Looked-after children statistics, published today by the Department for Education, showed 16,470 children lived in the voluntary care arrangements at 31 March 2017, compared to 19,350 at the same point in 2015. This is the lowest number of children cared for under the arrangement since this dataset was first published in 2010.

Section 20 practice came under increased scrutiny in 2015 when the president of the family courts, Sir James Munby, issued guidance to try to stamp out “misuse and abuse”’ of the arrangement, which does not require a legal order and is done with the consent of the parents.

Since that time, the number of children in section 20 arrangements has fallen to pre-2013 levels, despite the number of looked-after children overall reaching its highest level in more than 30 years.

Adoption

In total, 72,670 children were living in care at 31 March 2017, a 3% increase on the same point in 2016.

At the same time, the number of children leaving care due to adoption continued to be below peak 2015 levels, falling 19% in the two years since.

Local authority use of adoption changed dramatically following Re B and Re B-S, two court rulings which told social workers that, respectively, adoption was only to be used when “nothing else will do”, and to use the balance-sheet approach to decision making.

The number of children leaving care via special guardianship orders (SGOs) also fell slightly in the latest year. The use of SGOs had been increasing prior to this new set of figures, though new regulations were introduced in 2016 following a review of the practice.

In total, 3,690 SGOs were made in the year to 31 March 2017, compared with 3,860 the year before.
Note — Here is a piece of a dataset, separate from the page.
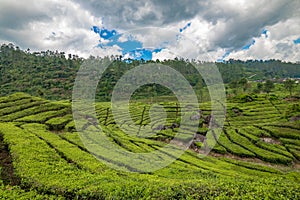 Rancabali Tea Plantation near Bandung in West Java, Indonesia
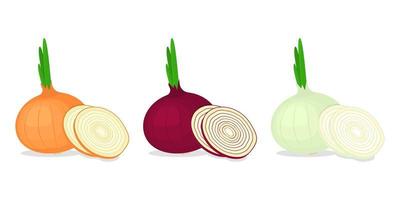 Onions of different varieties and slices set vector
The number of unaccompanied asylum-seeking children in local authority care had risen again, the statistics said, with 4,560 in care at 31 March 2017, a rise of 6% in a year and of 134% from 2013.

‘Hangover’

Responding to the figures, Sue Armstrong Brown, chief executive of Adoption UK, said the fall in adoptions was likely a “hangover from the confusion over the Re B and Re B-S rulings”.

She warned: “This autumn the number of children needing an adoptive home may outnumber those coming forward to provide that home. Clearly we need to do more to recruit potential adopters, whilst retaining the rigorous assessment that’s part of that process.”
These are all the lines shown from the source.